◆ **Task details**
Range to copy from the entries below: the line containing "19-Piece Princess Tea" through the line containing "Swimsuit Girls Children", inclusive. Retype only those lines, exactly, without any images.

START Data

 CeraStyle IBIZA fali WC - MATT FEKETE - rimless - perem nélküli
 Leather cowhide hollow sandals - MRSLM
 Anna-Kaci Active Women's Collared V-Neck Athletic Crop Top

END Data
START Data

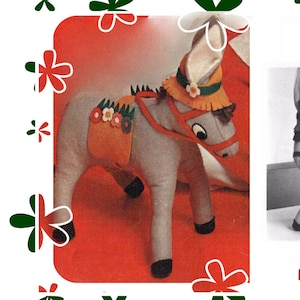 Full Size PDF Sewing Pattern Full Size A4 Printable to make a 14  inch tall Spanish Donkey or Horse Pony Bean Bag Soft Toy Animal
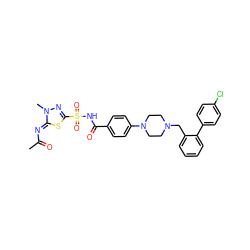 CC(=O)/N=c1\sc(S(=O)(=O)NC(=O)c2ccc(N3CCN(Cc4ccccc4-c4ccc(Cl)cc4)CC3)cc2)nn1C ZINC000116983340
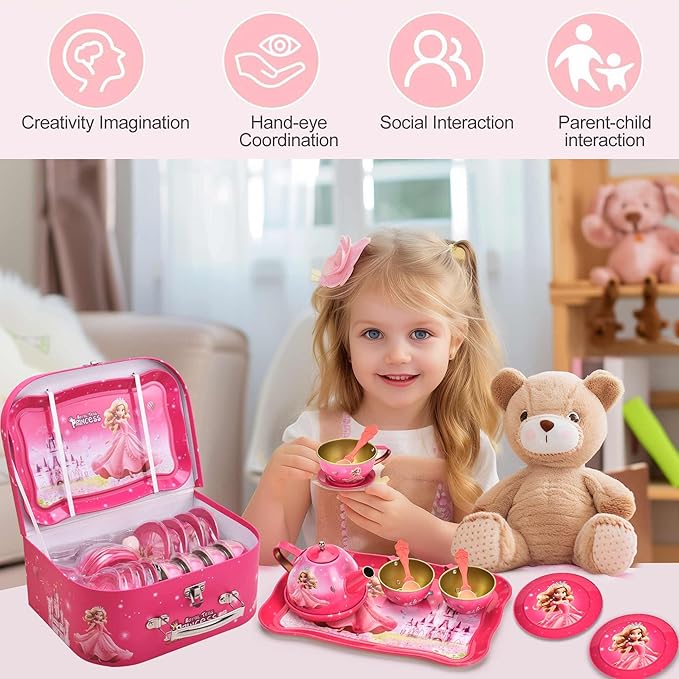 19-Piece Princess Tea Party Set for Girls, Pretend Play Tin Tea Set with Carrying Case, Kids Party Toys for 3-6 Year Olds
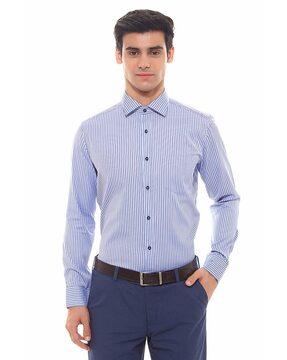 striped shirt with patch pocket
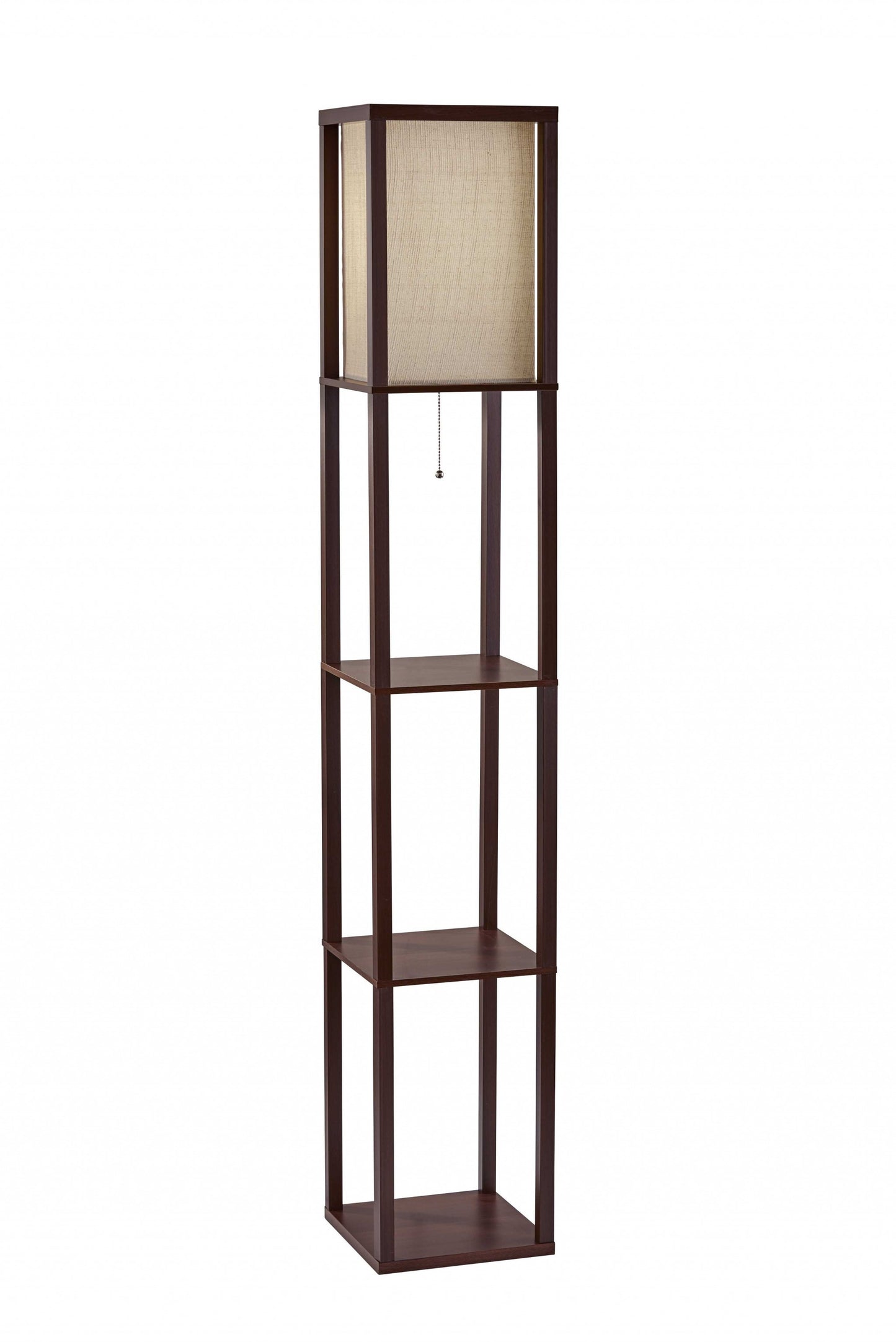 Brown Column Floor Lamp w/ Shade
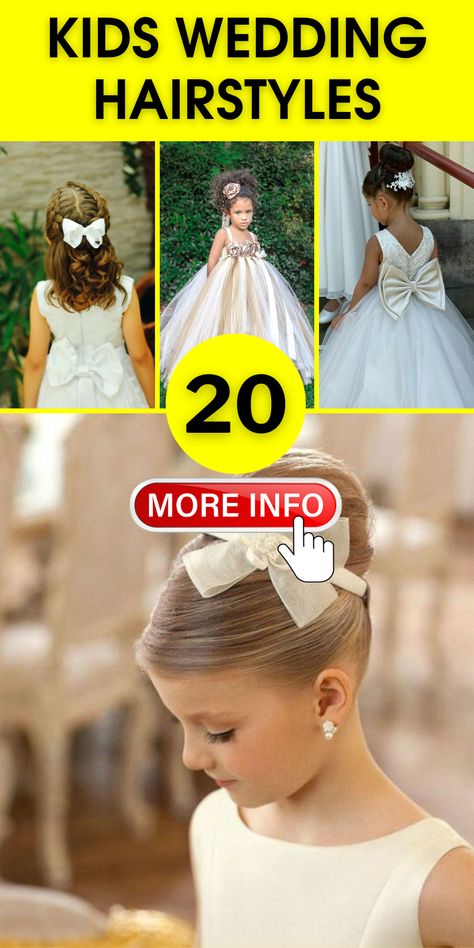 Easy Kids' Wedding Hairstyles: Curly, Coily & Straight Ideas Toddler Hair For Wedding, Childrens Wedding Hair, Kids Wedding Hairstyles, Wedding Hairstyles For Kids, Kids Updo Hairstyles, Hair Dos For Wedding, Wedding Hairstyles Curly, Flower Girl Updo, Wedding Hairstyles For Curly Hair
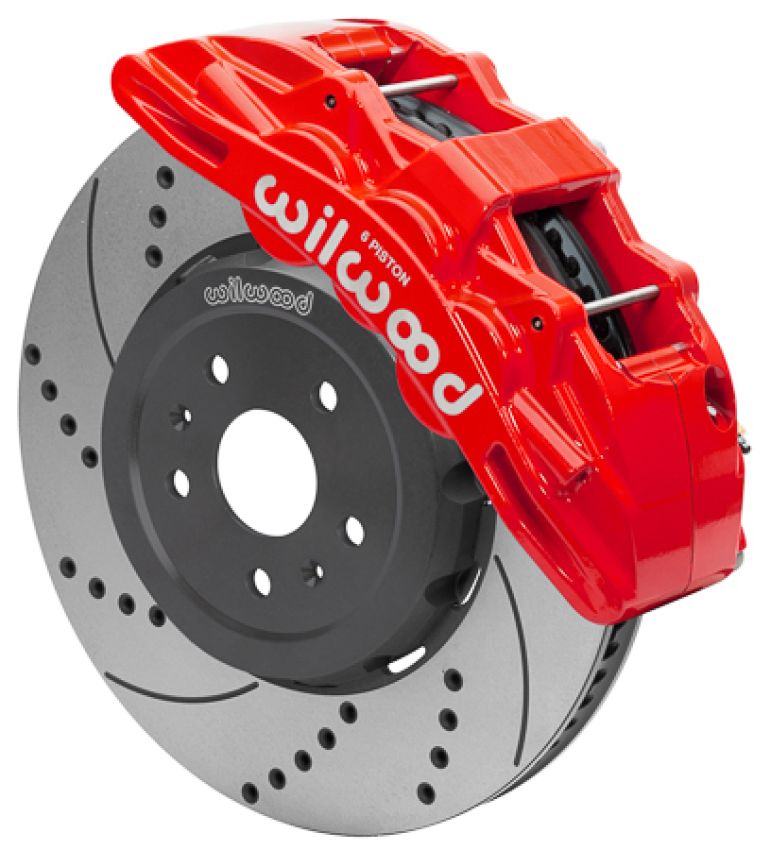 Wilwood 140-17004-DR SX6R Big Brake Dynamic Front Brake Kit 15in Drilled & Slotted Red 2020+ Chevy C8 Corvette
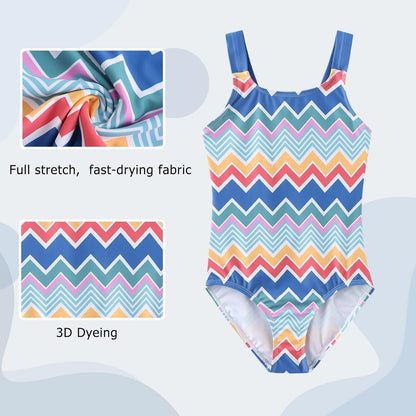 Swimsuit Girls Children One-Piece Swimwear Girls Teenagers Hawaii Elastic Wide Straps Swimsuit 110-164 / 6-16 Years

END Data
START Data

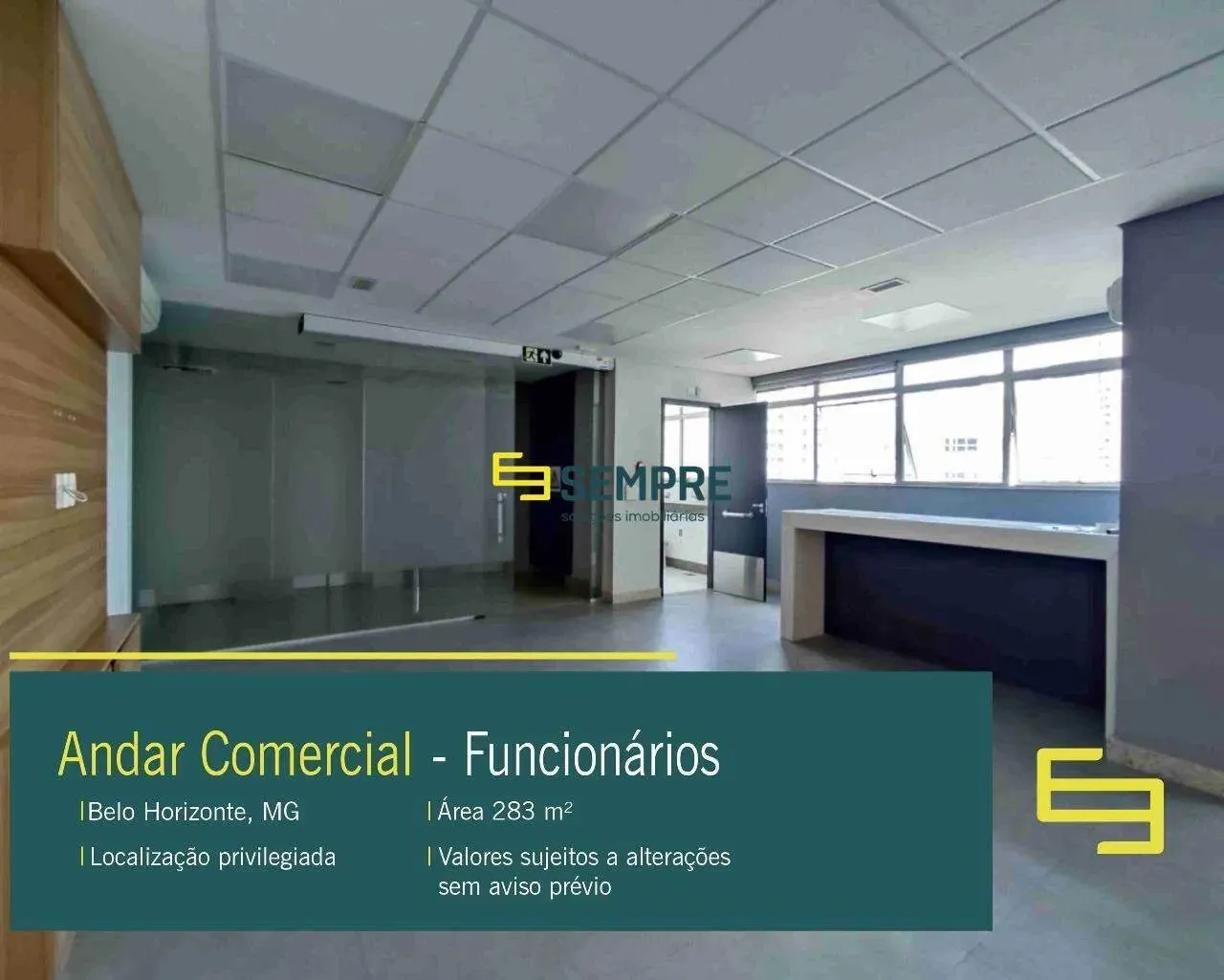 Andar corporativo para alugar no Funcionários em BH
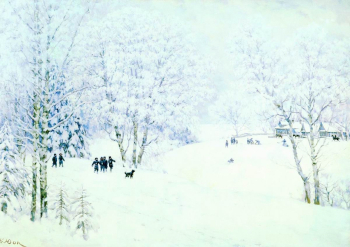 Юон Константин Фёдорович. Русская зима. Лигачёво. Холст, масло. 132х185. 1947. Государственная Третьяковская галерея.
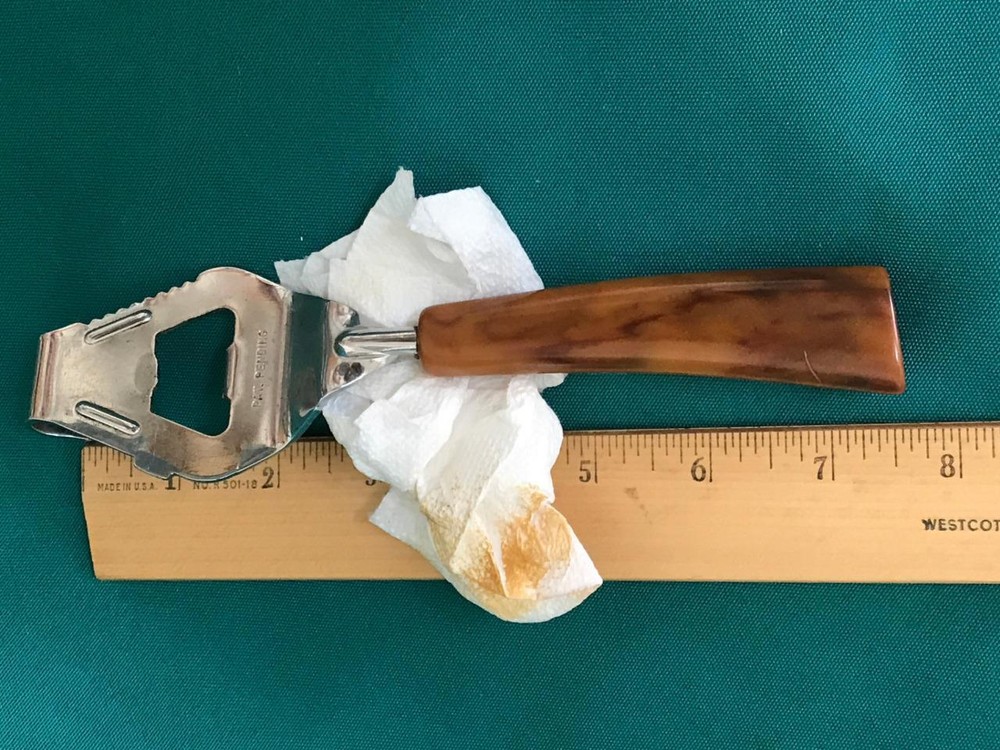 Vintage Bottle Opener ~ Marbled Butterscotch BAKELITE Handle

END Data

◆ **Reply**
 19-Piece Princess Tea Party Set for Girls, Pretend Play Tin Tea Set with Carrying Case, Kids Party Toys for 3-6 Year Olds
 striped shirt with patch pocket
 Brown Column Floor Lamp w/ Shade
 Easy Kids' Wedding Hairstyles: Curly, Coily & Straight Ideas Toddler Hair For Wedding, Childrens Wedding Hair, Kids Wedding Hairstyles, Wedding Hairstyles For Kids, Kids Updo Hairstyles, Hair Dos For Wedding, Wedding Hairstyles Curly, Flower Girl Updo, Wedding Hairstyles For Curly Hair
 Wilwood 140-17004-DR SX6R Big Brake Dynamic Front Brake Kit 15in Drilled & Slotted Red 2020+ Chevy C8 Corvette
 Swimsuit Girls Children One-Piece Swimwear Girls Teenagers Hawaii Elastic Wide Straps Swimsuit 110-164 / 6-16 Years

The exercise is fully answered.